However, I did not really start to study q-series in their own right (as opposed to regarding them as having connections with q-continued fractions) until several years later. I continued to work in the area of continued fractions. Doug Bowman, who I knew was interested in continued fractions, became my thesis advisor, and I defended my thesis in May 2002 (the topic related to the convergence behavior of q-continued fractions, such as the Rogers-Ramanujan continued fraction, on the unit circle, at points which were not roots of unity).

I took up a visiting position at Trinity College, in Hartford, Ct, with the aim of continuing my research on continued fractions, collaborating with Nancy Wyshinski at Trinity, whose interests lay in the analytic theory of continued fractions. I continued to work almost entirely in the broad field of continued fractions up until around 2008, when I got interested in the area of basic hypergeometric series again, when trying to prove some identities I had found experimentally, via a computer search. Since then, my primary research interests have generally moved over to the broad field of q-series.
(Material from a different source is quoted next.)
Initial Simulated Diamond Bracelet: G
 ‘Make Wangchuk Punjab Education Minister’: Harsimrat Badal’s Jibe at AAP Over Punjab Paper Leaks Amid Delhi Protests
As I read deeper, I discovered many interesting methods for proving basic hypergeometric identities that had appeared during the last 50 or so years. Many new interesting mathematical objects had likewise appeared in the field of q-series, and our understanding of many classical objects has also developed.

Examples of the new methods and techniques (or in some cases, new applications of existing methods and techniques) included the anti-telescoping method of Andrews, Cauchy augmentation, applications of the Cauchy differential operator, q-Lagrange inversion, matrix inverse methods, the WZ-method and the q-Zeilberger algorithm, applications of Abel summation, q-Engel expansion of q-functions, etc.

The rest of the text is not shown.